### Recorded information
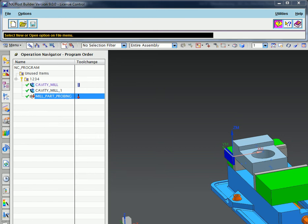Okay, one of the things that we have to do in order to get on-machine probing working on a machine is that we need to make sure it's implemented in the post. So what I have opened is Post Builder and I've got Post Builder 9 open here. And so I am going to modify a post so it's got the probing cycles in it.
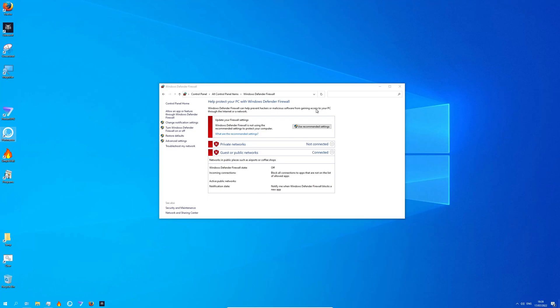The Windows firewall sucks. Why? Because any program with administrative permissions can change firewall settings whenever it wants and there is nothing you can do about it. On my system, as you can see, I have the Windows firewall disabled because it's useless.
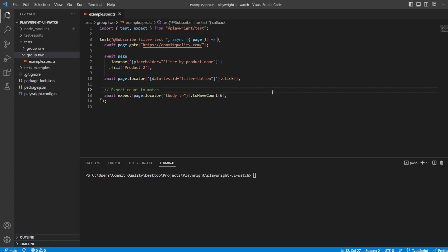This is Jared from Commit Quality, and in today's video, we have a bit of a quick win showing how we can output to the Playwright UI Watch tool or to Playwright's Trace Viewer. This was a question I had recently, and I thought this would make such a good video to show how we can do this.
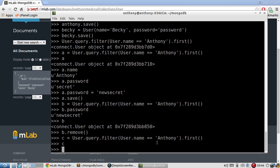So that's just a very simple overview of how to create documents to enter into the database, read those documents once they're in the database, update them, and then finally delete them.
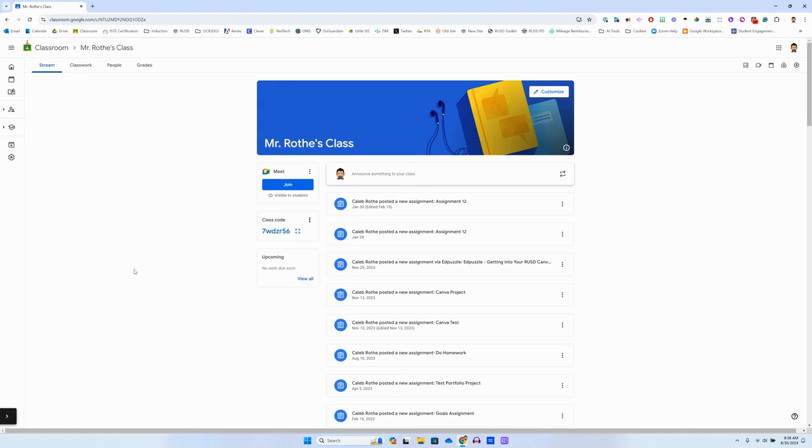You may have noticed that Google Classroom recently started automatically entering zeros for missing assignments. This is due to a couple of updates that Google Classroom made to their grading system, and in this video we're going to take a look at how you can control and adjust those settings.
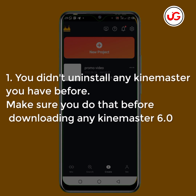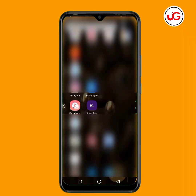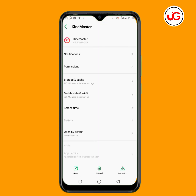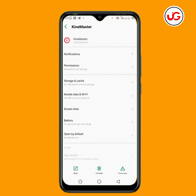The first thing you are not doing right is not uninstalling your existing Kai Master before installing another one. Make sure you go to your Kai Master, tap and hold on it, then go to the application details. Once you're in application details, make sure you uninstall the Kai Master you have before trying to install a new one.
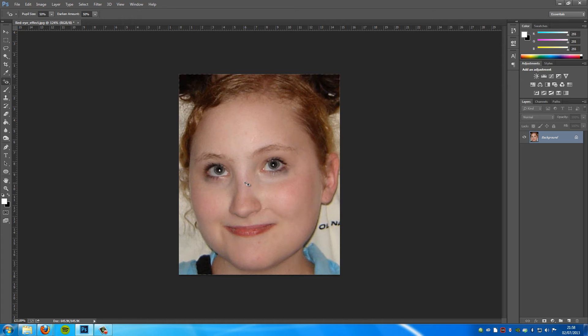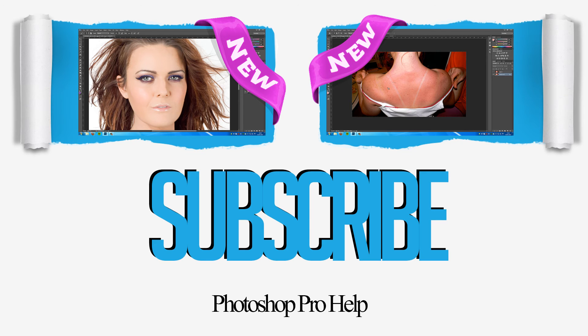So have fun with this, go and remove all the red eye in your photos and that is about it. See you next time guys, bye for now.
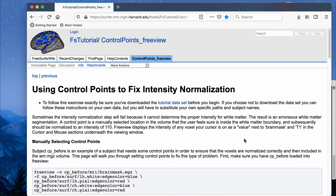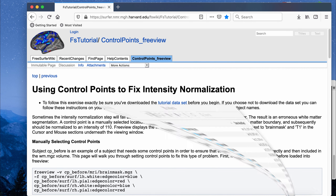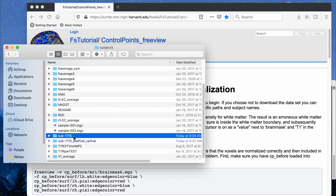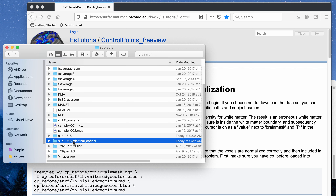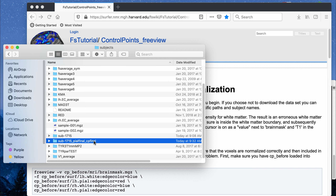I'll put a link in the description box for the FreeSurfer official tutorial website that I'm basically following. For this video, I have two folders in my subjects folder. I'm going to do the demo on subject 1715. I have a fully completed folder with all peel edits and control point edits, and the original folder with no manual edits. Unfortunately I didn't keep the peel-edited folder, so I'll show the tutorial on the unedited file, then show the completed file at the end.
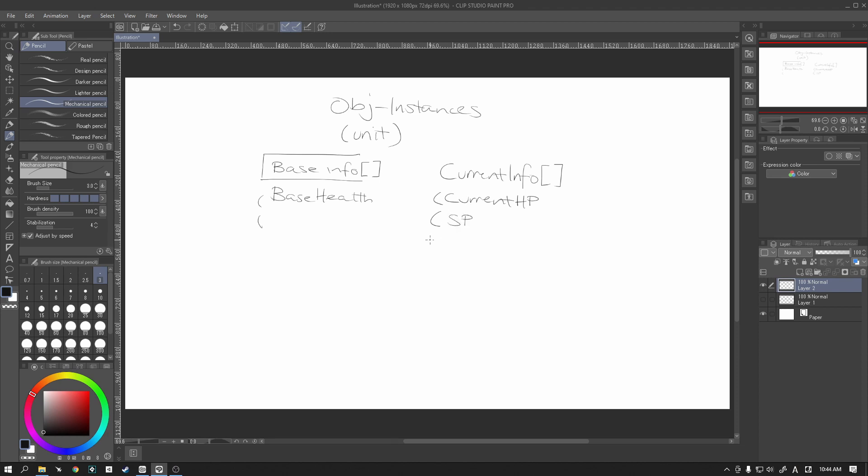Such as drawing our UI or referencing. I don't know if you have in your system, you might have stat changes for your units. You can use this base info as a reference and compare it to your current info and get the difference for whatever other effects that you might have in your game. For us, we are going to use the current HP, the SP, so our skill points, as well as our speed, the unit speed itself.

### Exercise details
Leave out the pictures and copy exactly the lines from the one with "I'll put a link" through the last line of the records above.

### Worked solution
I'll put a link in the description box for the FreeSurfer official tutorial website that I'm basically following. For this video, I have two folders in my subjects folder. I'm going to do the demo on subject 1715. I have a fully completed folder with all peel edits and control point edits, and the original folder with no manual edits. Unfortunately I didn't keep the peel-edited folder, so I'll show the tutorial on the unedited file, then show the completed file at the end.
Such as drawing our UI or referencing. I don't know if you have in your system, you might have stat changes for your units. You can use this base info as a reference and compare it to your current info and get the difference for whatever other effects that you might have in your game. For us, we are going to use the current HP, the SP, so our skill points, as well as our speed, the unit speed itself.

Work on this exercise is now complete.